======== Input for this task ========

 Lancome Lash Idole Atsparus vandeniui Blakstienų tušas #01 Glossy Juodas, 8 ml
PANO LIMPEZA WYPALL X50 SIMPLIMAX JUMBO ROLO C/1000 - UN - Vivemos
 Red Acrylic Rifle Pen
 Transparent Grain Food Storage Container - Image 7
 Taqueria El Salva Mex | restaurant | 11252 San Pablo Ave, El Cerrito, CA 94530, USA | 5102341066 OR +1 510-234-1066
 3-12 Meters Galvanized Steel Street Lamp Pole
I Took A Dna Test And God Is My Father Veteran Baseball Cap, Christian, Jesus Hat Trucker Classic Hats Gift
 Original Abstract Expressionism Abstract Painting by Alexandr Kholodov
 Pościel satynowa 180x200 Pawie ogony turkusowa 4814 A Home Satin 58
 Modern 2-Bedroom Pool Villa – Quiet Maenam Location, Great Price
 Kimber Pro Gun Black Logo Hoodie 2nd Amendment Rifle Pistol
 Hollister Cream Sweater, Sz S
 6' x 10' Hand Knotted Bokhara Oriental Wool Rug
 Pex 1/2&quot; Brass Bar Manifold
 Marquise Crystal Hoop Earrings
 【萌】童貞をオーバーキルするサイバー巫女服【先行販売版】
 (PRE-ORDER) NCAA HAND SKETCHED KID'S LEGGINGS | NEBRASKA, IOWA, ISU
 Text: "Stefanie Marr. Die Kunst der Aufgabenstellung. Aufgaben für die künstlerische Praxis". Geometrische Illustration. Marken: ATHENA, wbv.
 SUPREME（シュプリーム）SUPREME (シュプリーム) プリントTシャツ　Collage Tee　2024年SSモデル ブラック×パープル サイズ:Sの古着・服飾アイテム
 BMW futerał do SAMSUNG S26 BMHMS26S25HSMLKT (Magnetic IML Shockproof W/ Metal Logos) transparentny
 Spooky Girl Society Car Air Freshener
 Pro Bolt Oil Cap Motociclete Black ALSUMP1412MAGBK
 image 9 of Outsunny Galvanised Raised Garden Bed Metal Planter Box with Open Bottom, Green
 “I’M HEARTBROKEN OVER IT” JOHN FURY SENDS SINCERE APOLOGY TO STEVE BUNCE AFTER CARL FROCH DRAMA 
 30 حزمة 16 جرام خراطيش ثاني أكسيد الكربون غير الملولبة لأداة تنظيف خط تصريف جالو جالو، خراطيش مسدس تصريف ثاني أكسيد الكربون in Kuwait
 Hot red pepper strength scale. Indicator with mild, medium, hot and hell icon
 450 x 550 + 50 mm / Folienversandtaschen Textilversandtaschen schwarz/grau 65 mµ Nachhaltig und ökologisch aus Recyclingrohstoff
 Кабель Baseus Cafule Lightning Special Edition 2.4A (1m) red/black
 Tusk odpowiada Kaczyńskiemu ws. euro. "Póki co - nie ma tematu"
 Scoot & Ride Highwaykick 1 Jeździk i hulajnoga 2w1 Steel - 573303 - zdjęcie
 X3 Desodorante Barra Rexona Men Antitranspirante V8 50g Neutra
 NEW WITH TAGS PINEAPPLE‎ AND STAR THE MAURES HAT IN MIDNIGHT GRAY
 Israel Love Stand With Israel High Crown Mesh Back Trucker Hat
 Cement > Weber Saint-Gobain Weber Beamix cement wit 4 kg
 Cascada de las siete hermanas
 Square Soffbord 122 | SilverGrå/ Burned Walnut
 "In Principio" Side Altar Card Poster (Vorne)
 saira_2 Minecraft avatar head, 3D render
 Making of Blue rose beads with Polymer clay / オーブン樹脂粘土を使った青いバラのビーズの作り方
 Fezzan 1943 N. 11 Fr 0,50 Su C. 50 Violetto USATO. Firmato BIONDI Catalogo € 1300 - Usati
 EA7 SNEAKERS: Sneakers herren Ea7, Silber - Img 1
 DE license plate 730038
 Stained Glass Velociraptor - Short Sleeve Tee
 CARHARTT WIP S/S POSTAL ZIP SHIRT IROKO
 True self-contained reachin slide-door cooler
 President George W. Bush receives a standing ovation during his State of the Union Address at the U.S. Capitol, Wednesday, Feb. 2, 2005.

========

§ **Exercise requirements**
In this exercise, you retype all of the data exactly as it appears above.

§ **Result**
 Lancome Lash Idole Atsparus vandeniui Blakstienų tušas #01 Glossy Juodas, 8 ml
PANO LIMPEZA WYPALL X50 SIMPLIMAX JUMBO ROLO C/1000 - UN - Vivemos
 Red Acrylic Rifle Pen
 Transparent Grain Food Storage Container - Image 7
 Taqueria El Salva Mex | restaurant | 11252 San Pablo Ave, El Cerrito, CA 94530, USA | 5102341066 OR +1 510-234-1066
 3-12 Meters Galvanized Steel Street Lamp Pole
I Took A Dna Test And God Is My Father Veteran Baseball Cap, Christian, Jesus Hat Trucker Classic Hats Gift
 Original Abstract Expressionism Abstract Painting by Alexandr Kholodov
 Pościel satynowa 180x200 Pawie ogony turkusowa 4814 A Home Satin 58
 Modern 2-Bedroom Pool Villa – Quiet Maenam Location, Great Price
 Kimber Pro Gun Black Logo Hoodie 2nd Amendment Rifle Pistol
 Hollister Cream Sweater, Sz S
 6' x 10' Hand Knotted Bokhara Oriental Wool Rug
 Pex 1/2&quot; Brass Bar Manifold
 Marquise Crystal Hoop Earrings
 【萌】童貞をオーバーキルするサイバー巫女服【先行販売版】
 (PRE-ORDER) NCAA HAND SKETCHED KID'S LEGGINGS | NEBRASKA, IOWA, ISU
 Text: "Stefanie Marr. Die Kunst der Aufgabenstellung. Aufgaben für die künstlerische Praxis". Geometrische Illustration. Marken: ATHENA, wbv.
 SUPREME（シュプリーム）SUPREME (シュプリーム) プリントTシャツ　Collage Tee　2024年SSモデル ブラック×パープル サイズ:Sの古着・服飾アイテム
 BMW futerał do SAMSUNG S26 BMHMS26S25HSMLKT (Magnetic IML Shockproof W/ Metal Logos) transparentny
 Spooky Girl Society Car Air Freshener
 Pro Bolt Oil Cap Motociclete Black ALSUMP1412MAGBK
 image 9 of Outsunny Galvanised Raised Garden Bed Metal Planter Box with Open Bottom, Green
 “I’M HEARTBROKEN OVER IT” JOHN FURY SENDS SINCERE APOLOGY TO STEVE BUNCE AFTER CARL FROCH DRAMA 
 30 حزمة 16 جرام خراطيش ثاني أكسيد الكربون غير الملولبة لأداة تنظيف خط تصريف جالو جالو، خراطيش مسدس تصريف ثاني أكسيد الكربون in Kuwait
 Hot red pepper strength scale. Indicator with mild, medium, hot and hell icon
 450 x 550 + 50 mm / Folienversandtaschen Textilversandtaschen schwarz/grau 65 mµ Nachhaltig und ökologisch aus Recyclingrohstoff
 Кабель Baseus Cafule Lightning Special Edition 2.4A (1m) red/black
 Tusk odpowiada Kaczyńskiemu ws. euro. "Póki co - nie ma tematu"
 Scoot & Ride Highwaykick 1 Jeździk i hulajnoga 2w1 Steel - 573303 - zdjęcie
 X3 Desodorante Barra Rexona Men Antitranspirante V8 50g Neutra
 NEW WITH TAGS PINEAPPLE‎ AND STAR THE MAURES HAT IN MIDNIGHT GRAY
 Israel Love Stand With Israel High Crown Mesh Back Trucker Hat
 Cement > Weber Saint-Gobain Weber Beamix cement wit 4 kg
 Cascada de las siete hermanas
 Square Soffbord 122 | SilverGrå/ Burned Walnut
 "In Principio" Side Altar Card Poster (Vorne)
 saira_2 Minecraft avatar head, 3D render
 Making of Blue rose beads with Polymer clay / オーブン樹脂粘土を使った青いバラのビーズの作り方
 Fezzan 1943 N. 11 Fr 0,50 Su C. 50 Violetto USATO. Firmato BIONDI Catalogo € 1300 - Usati
 EA7 SNEAKERS: Sneakers herren Ea7, Silber - Img 1
 DE license plate 730038
 Stained Glass Velociraptor - Short Sleeve Tee
 CARHARTT WIP S/S POSTAL ZIP SHIRT IROKO
 True self-contained reachin slide-door cooler
 President George W. Bush receives a standing ovation during his State of the Union Address at the U.S. Capitol, Wednesday, Feb. 2, 2005.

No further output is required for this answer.